AI is getting better and better at creating what’s known as “Generative content,” in short, content, such as images, music and scripts, or, let’s face it, text, that AI’s are able to make by themselves with little or, as is more the case, no input from humans, and recent examples include photo-realistic images of fake celebrities and an increasing number of new, other, AI composed music albums from artists such as Amper, DeepBach, Magenta, and Flow Machines, all AI’s. Now though scientists are working on building AI’s that can create generative video. The idea is that simply by typing out a phrase AI could create a video of that scene, and scientists at Duke University and Princeton University, following on from Microsoft who recently unveiled their own version that does the same but just for images, have created a working model.
“Video generation is intimately related to video prediction,” say the authors in their new paper. Video prediction, where AI attempts to predict what actions come next in a video, has long been a goal of many AI researchers, and for obvious reasons, security companies, but so far, other than a product preview from MIT whose AI managed to predict what happened next in a cycle race, there have been relatively few successes.
Visual representations, however, especially moving ones, often contain a wide variety actions and outcomes so as a first step the researchers used a narrow range of easily defined activities, which they took from Google’s Kinetics Human Action Video Dataset, for their AI to learn from including sports, such as cycling, football, golf, hockey, jogging, sailing, swimming and water skiing. The AI then studied these clips and learnt to identify each motion, refining its neural network and refining itself all the time.
With a dataset in place, the researchers then used a two step process to create the generative video. The first step was to create an AI that could generate video based on just a text description, and then came the second stage, the creation of a second “Discriminator” AI.

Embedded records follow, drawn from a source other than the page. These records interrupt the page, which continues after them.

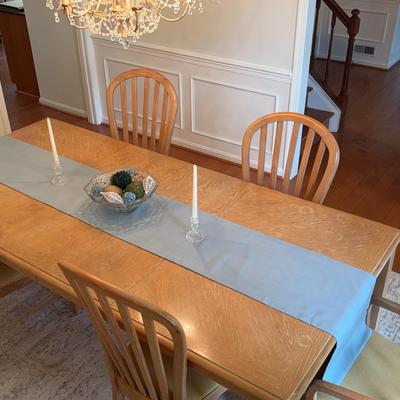 Stanley Blonde Wood Dining Room Set & 6 Chairs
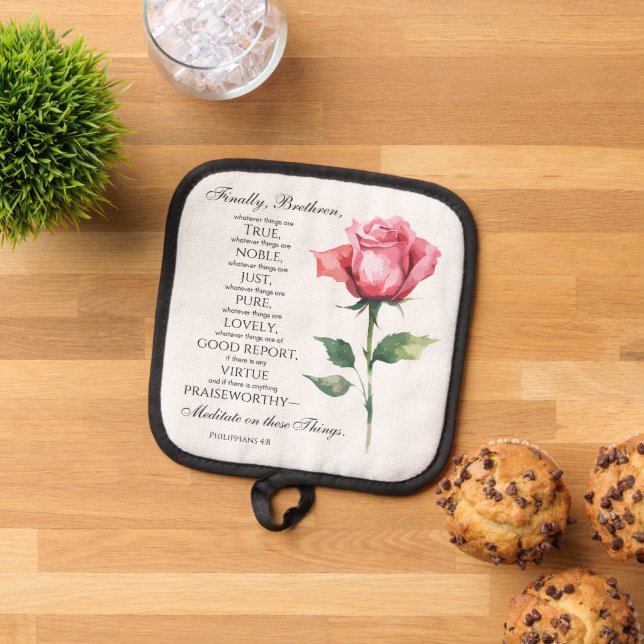 Porta Ollas Filipinas 4:8 Lo que sea que sean flores nobles (De arriba hacia abajo)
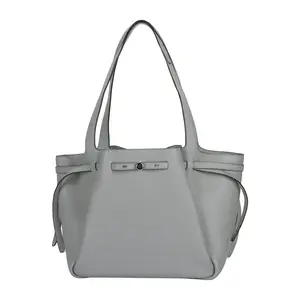 Tory Burch Romy Logo Button Leather Tote Bag for Women in Light Gray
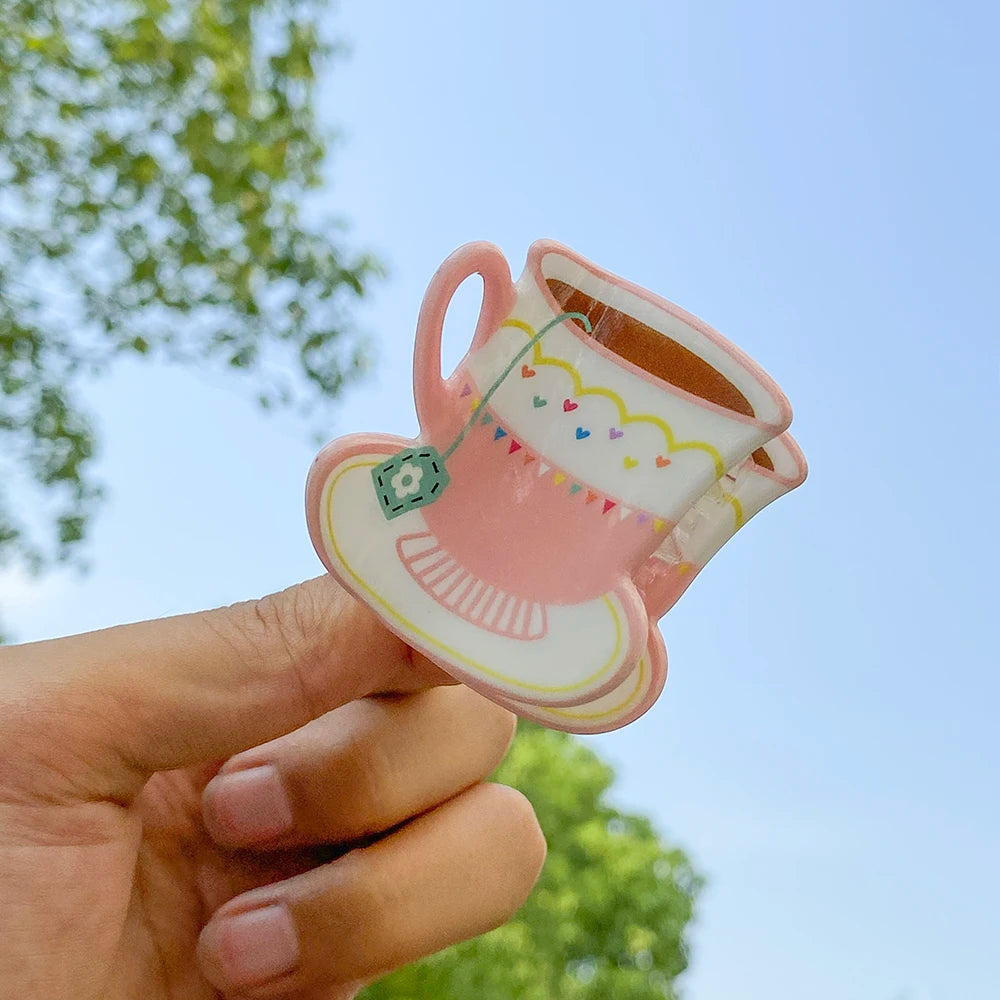Sweet Cute Plastic Pastoral Flower Print Cup Shark Hairpin For Women Girls New Cute Vase Shape Hair Clip Claw Accessories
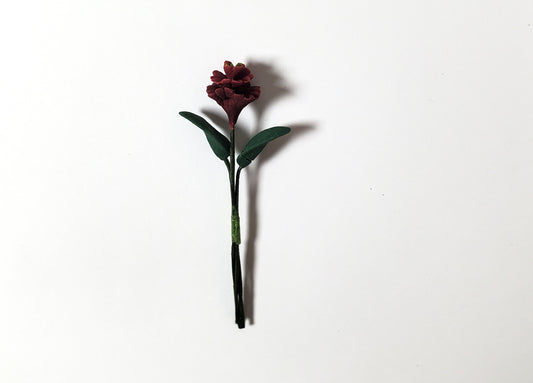 Dollhouse Burgundy Zinnia Single Long Stem with Foliage 1:12 Scale Miniature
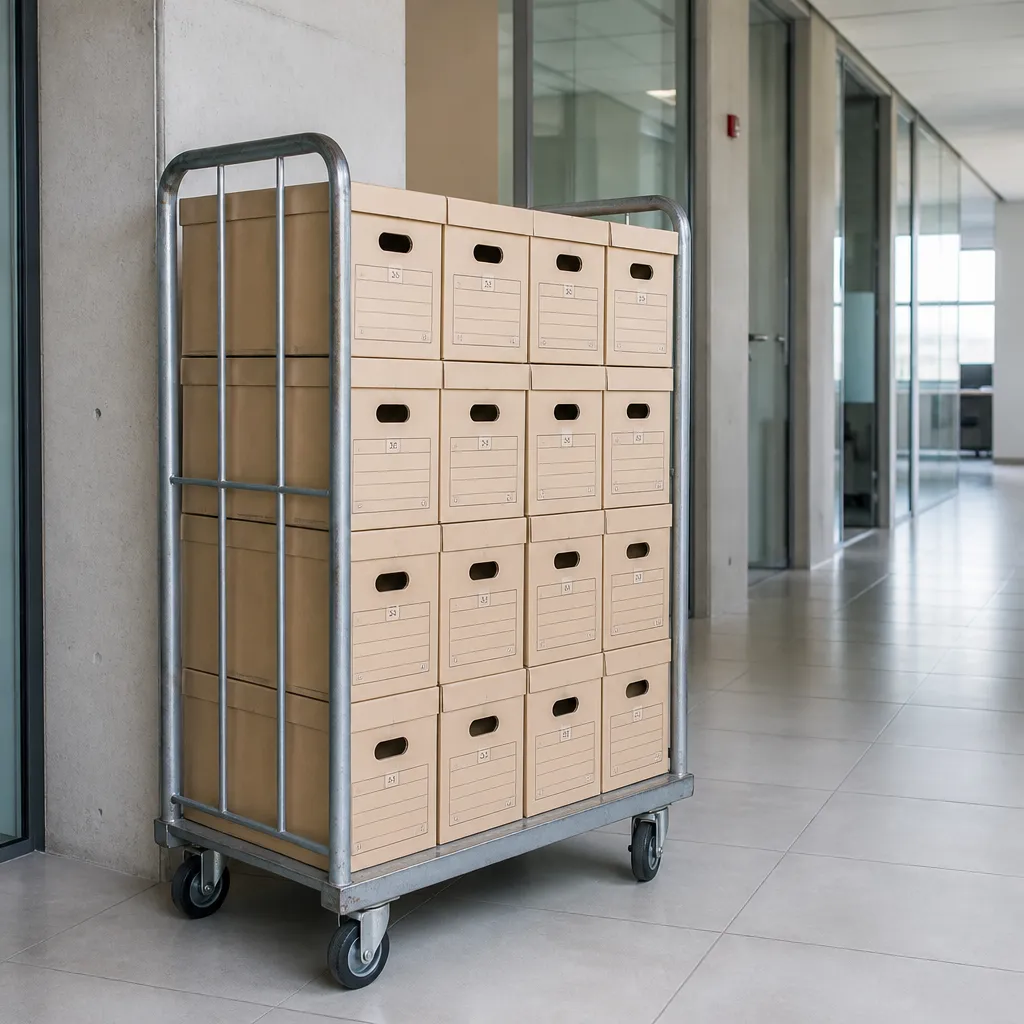 Cartons d’archives numérotés empilés sur un chariot de manutention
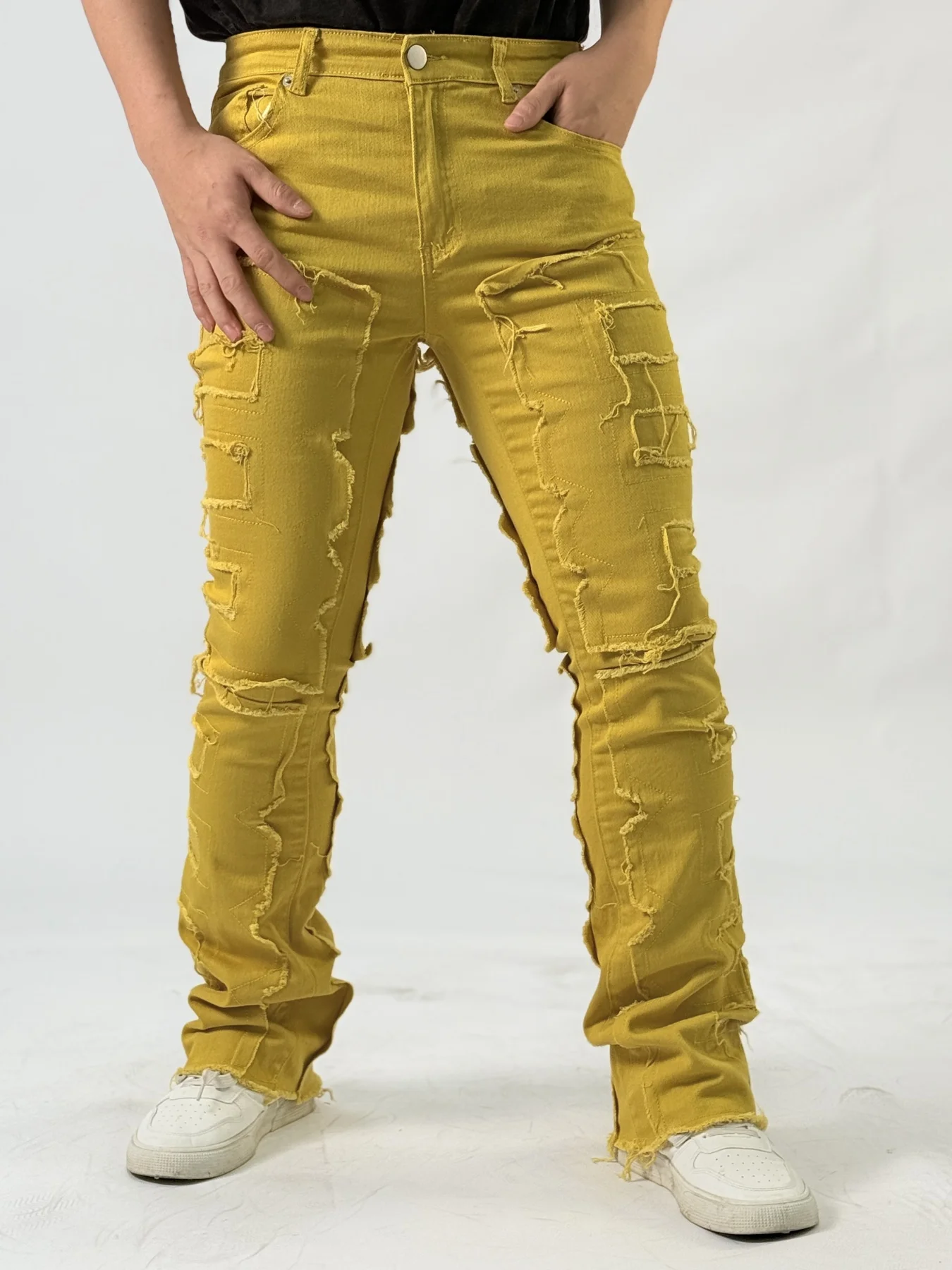 منتج جديد لعام 2025 سراويل رجالية ضيقة متوهجة ملونة مرقعة نمط ريترو مستقبلية جو خيارات ألوان متعددة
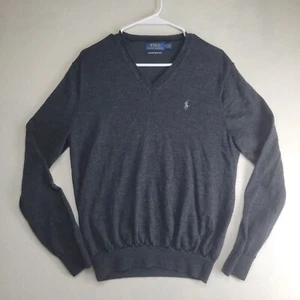 Polo Ralph Lauren Men's Sz M Washable Merino Wool Knit V neck Sweater - Picture 1 of 14
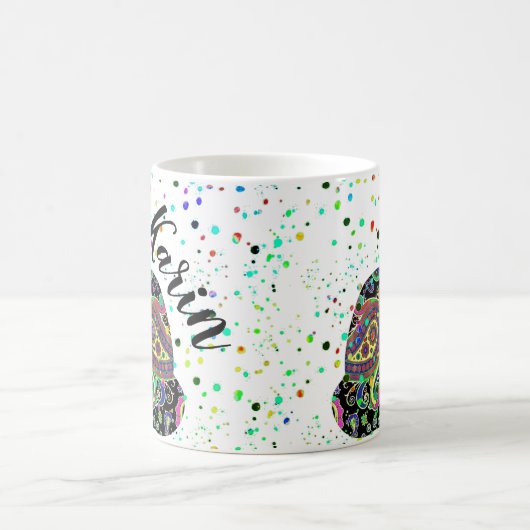 ペイズリーパーソナライズされたネコと蝶コーヒーマグ コーヒーマグカップ (中央)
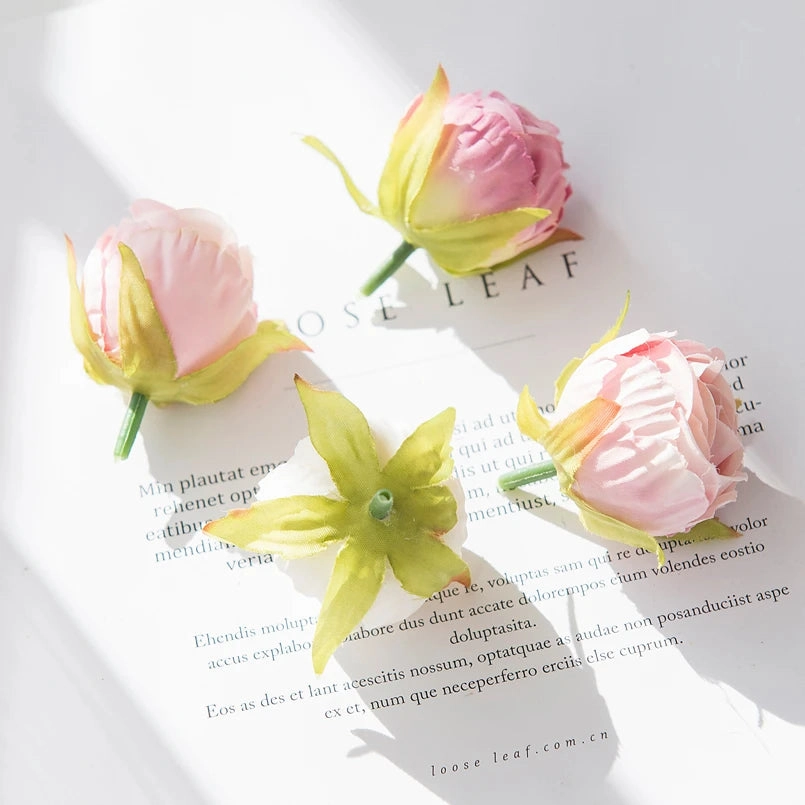 10Pcs Silk Tea Buds Roses for Wedding Decor and Diy Gifts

For example, if the text input was to create a video of “biking in snow,” the first AI would produce a video and the second, the discriminator would judge it and compare it to a real video of someone biking in the snow, and any improvements or recommendations would be automatically fed back into the model so that over time the results got better and better until the generative video was indistinguishable from the real thing.
While the teams work is still in its earliest stages, with the new AI only capable of creating videos that are 32 frames long and the size of a postage stamp, over time they will get longer, bigger and better quality, and as it turns out the AI is finding humans, with our bodies and our unpredictable actions, the most problems, but to get a better grasp on us flesh bags the team are now training it to understand how the human skeleton works.
Beyond the obvious nightmare of fake news generation, an example of which I showed off recently during my talk on the Future of Trust in London, where another generative AI was used to create a thoroughly convincing fake Obama news clip, there could be actual use for generative video, such as using it to help train self-driving cars better by helping produce realistic road and traffic simulations, or helping athletes train better by simulating game play.
Either way it’ll be a while before we see any AI produced films, but we’re now at the start of our journey, and if following AI developments has taught me one thing, it won’t be decades before we see one, it’ll be years.